The University of Guelph’s honey bee research program discovered that the number 1 threat to the pollinator was a parasite called Varroa destructor, also known as the Varroa mite. According to the Canadian Honey Council, beekeepers in Alberta and Manitoba had lost an average of 40 to 45 per cent of their honey bees by April of last year. Quebec was on track to lose 60 per cent due in large part to the mites.

Mite reproductive rates are determined by spring weather conditions, with early warm springs leading to quick reproduction and vast populations that can wipe out honey bee colonies over the fall and winter.

Varroa mites decimate bee populations by latching onto adult bees, sucking out the blood and protein reserves and transmitting a virus that destroys the insect’s immune response. Infected bees live half as long as normal bees. The danger posed by the mites has only increased recently, as climate change leads to earlier and warmer springs.

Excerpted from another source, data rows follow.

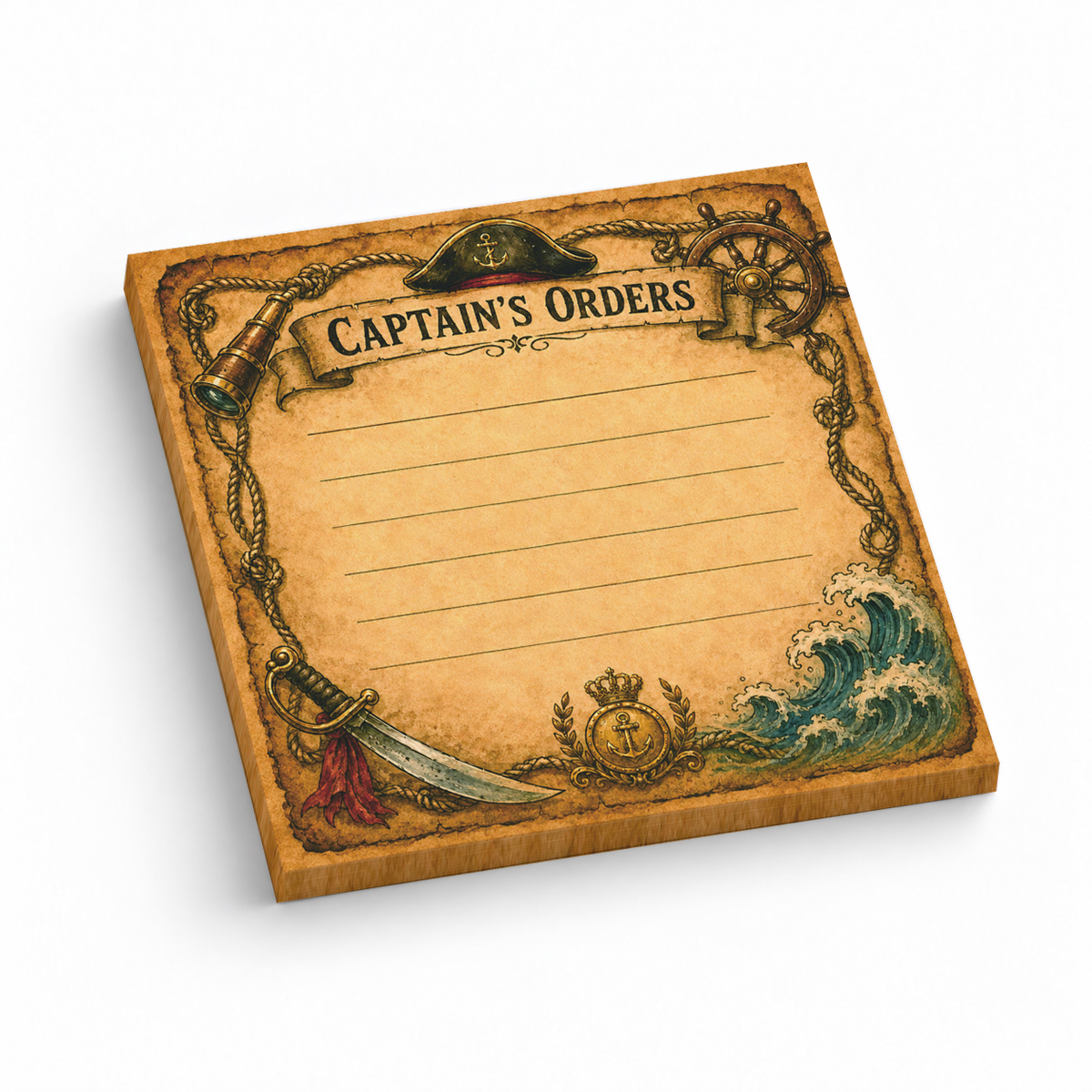 Captain's Orders Lined Pirate 3x3 sticky notes, 50-sheet memo pad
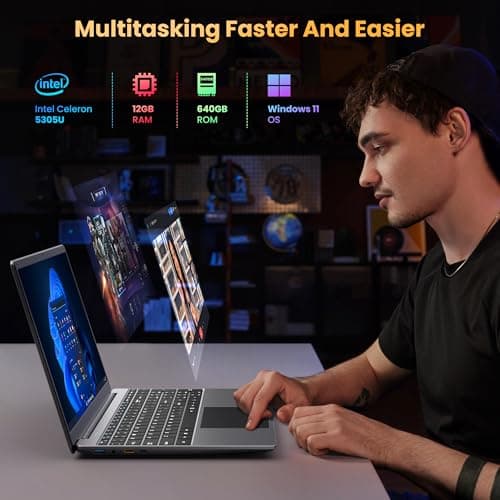 jumper Laptop, 12GB RAM 640GB ROM, Office 365-1 Year 5305U Processor, 15.6 Inch Computer, FHD IPS Screen, 38Wh Battery, 2 Stereo Speakers, USB3.0 * 2, HDMI, for Business and Students.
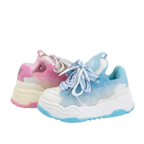 SoftSlipsy Pink Blue Platform Sneakers – Women Chunky Sneakers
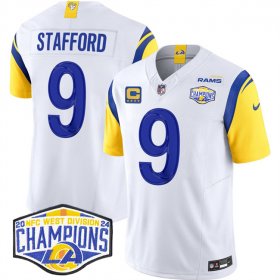 Cheap Men\'s Los Angeles Rams #9 Matthew Stafford White 2024 NFC West Champions With 4-Star C Patch F.U.S.E. Vapor Untouchable Stitched Football Jersey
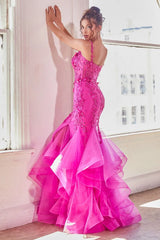 Anna Gown - Fuchsia - Mermaid Embellished Gown
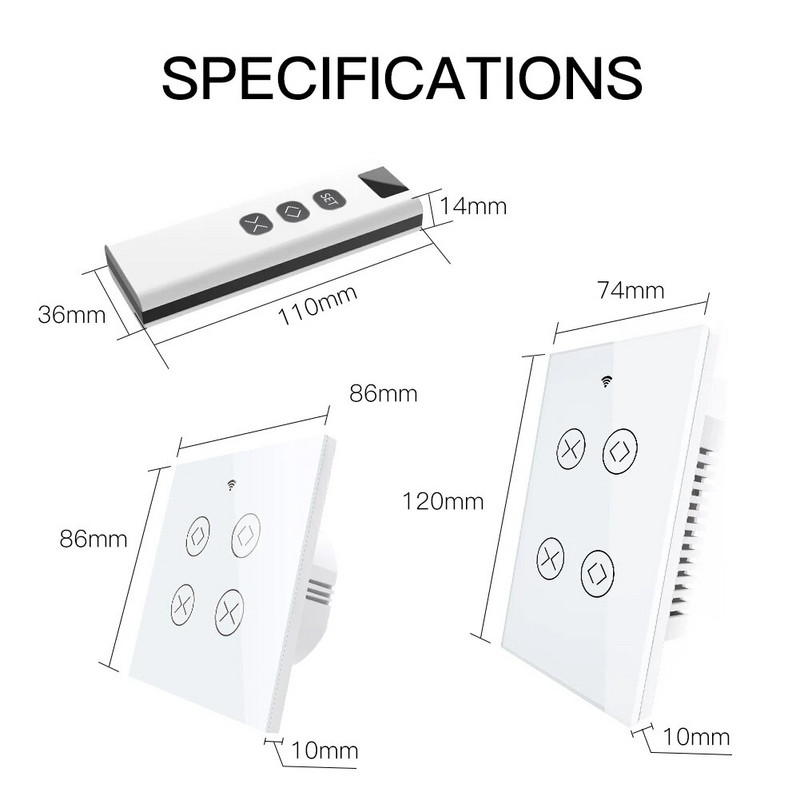 MOES Tuya Smart Life WiFi RF 2 Gang Dvostruki prekidač za rolete za rolete Električni motor s Google Home Alexa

The University of Guelph’s honey bee research centre found that some pesticides, dubbed “neonics,” widely used in agriculture to protect crops from insects, curtail the bees’ ability to fight varroa mites.

The centre discovered that honey bees with higher levels of a gene that compels them to scratch more vigorously are better at removing mites from their bodies. This is because mites flatten and tuck themselves between segments of the bees’ abdomen. Currently, only 15 to 20 per cent of honey bees are able to remove the mites by scratching.

Researchers are therefore breeding honey bees that are better scratchers, which will increase the population of bees with greater resistance to the mites. So far, the breeding program has been implemented in Ontario, with hopes more provinces will follow suit.

But the better facility is needed to continue this kind of research. For example, the new centre will include several rooms for incubating bees. These rooms will allow researchers to conduct more controlled tests and extensive monitoring of bee behaviour and health. A bigger building will also be key to expanding collaboration with other researchers and, through classrooms and tours, spreading awareness about the challenges faced by honey bees.

“Bees are the supreme example of interdependence in nature,” said Prof. Kelly. “We have plants that need pollination, and bees that provide that pollination so that humans and animals can eat. It’s all connected. But we have to have good, healthy bees to get that job done.”

The new honey bee research centre is scheduled to open in April of 2025, just as spring bee season begins.

Editor’s note: Two corrections were made to this article. The department of the university where the centre is based was changed from the department of food, agriculture and resource economics to the school of environmental sciences. The title for John Cranfield was changed from associate dean, to associate dean of external relations at Ontario Agricultural College.